[Given data]
------------
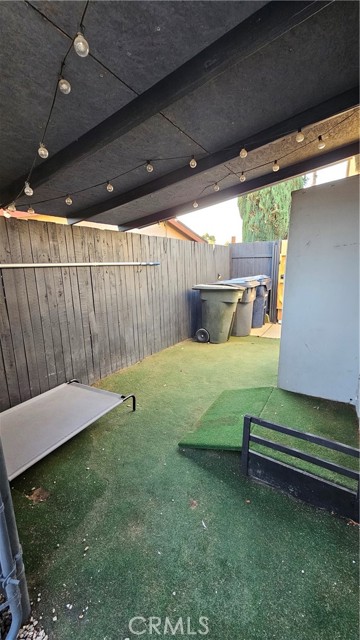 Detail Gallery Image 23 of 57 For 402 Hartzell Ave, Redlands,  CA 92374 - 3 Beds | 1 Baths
------------
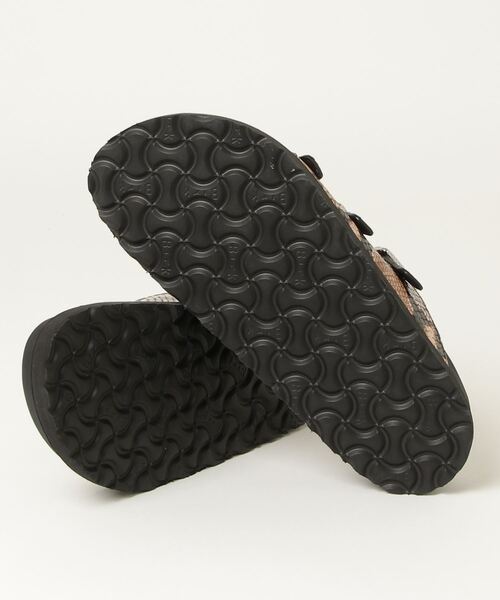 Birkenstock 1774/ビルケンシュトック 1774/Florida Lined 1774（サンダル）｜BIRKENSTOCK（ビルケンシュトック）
------------
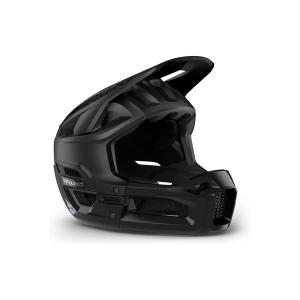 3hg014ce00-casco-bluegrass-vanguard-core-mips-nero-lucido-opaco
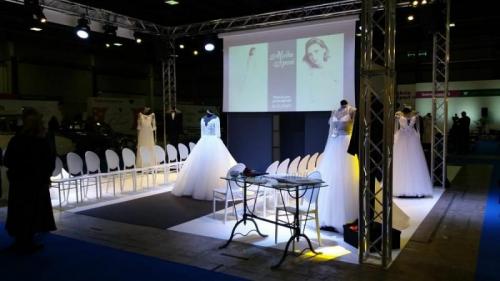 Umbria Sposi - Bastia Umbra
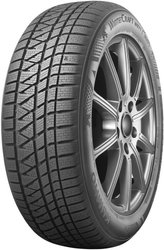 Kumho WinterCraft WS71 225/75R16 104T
------------
[Task to complete] Above are the records; copy from them only the lines starting at the one containing "Umbria Sposi - Bastia Umbra" and ending at the one containing "Kumho WinterCraft WS71 225/75R16 104T", exactly and without pictures.

[Answer space]
 Umbria Sposi - Bastia Umbra
 Kumho WinterCraft WS71 225/75R16 104T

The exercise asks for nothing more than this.